Trippie Redd niedawno znalazł się w centrum uwagi po wyrażeniu swojej frustracji wobec fanów za rzekome wyciekanie jego niepublikowanych utworów, z których jeden, jak plotka głosi, jest współpracą z Justinem Bieberem. W serii tweetów udostępnionych 14 października 2024 r. Trippie wezwał swoich fanów, aby „przestali wyciekać” jego muzykę, stwierdzając:

„Jeśli nie nagram kolejnej piosenki z Bieberem, to wszystko wasza sprawa, wtf.”

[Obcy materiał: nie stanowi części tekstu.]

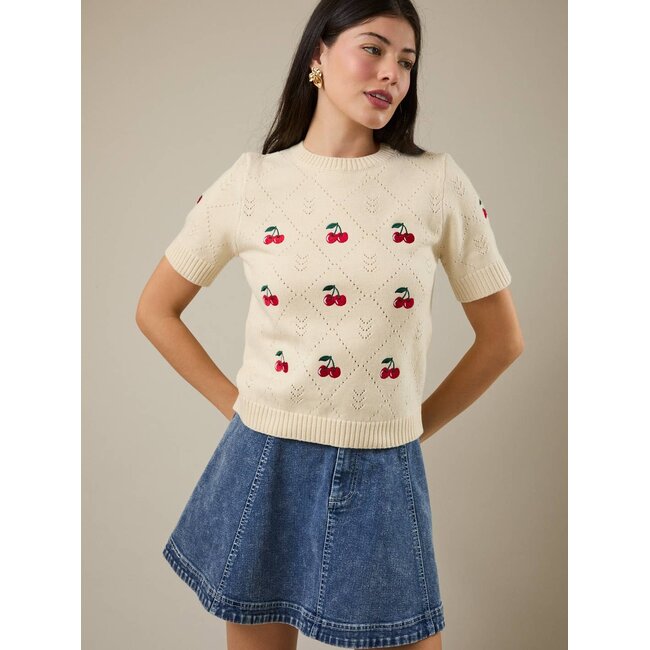 Sunday Edition Short Sleeve Cherry Sweater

W innej wiadomości skrytykował swoich fanów za brak ambicji, ujawniając, że jego „ostatnie 4 albumy wyciekły na tydzień przed premierą”. W programie X wspomniał również:

„Jedynym powodem, dla którego 'Mansion Musik’ nie zamienił się w dwuczęściowy album, jest to, że wy wszyscy wyciekliście wszystkie utwory na raz, zmuszając mnie do szybkiego wydania. To jest w tym momencie denerwujące”.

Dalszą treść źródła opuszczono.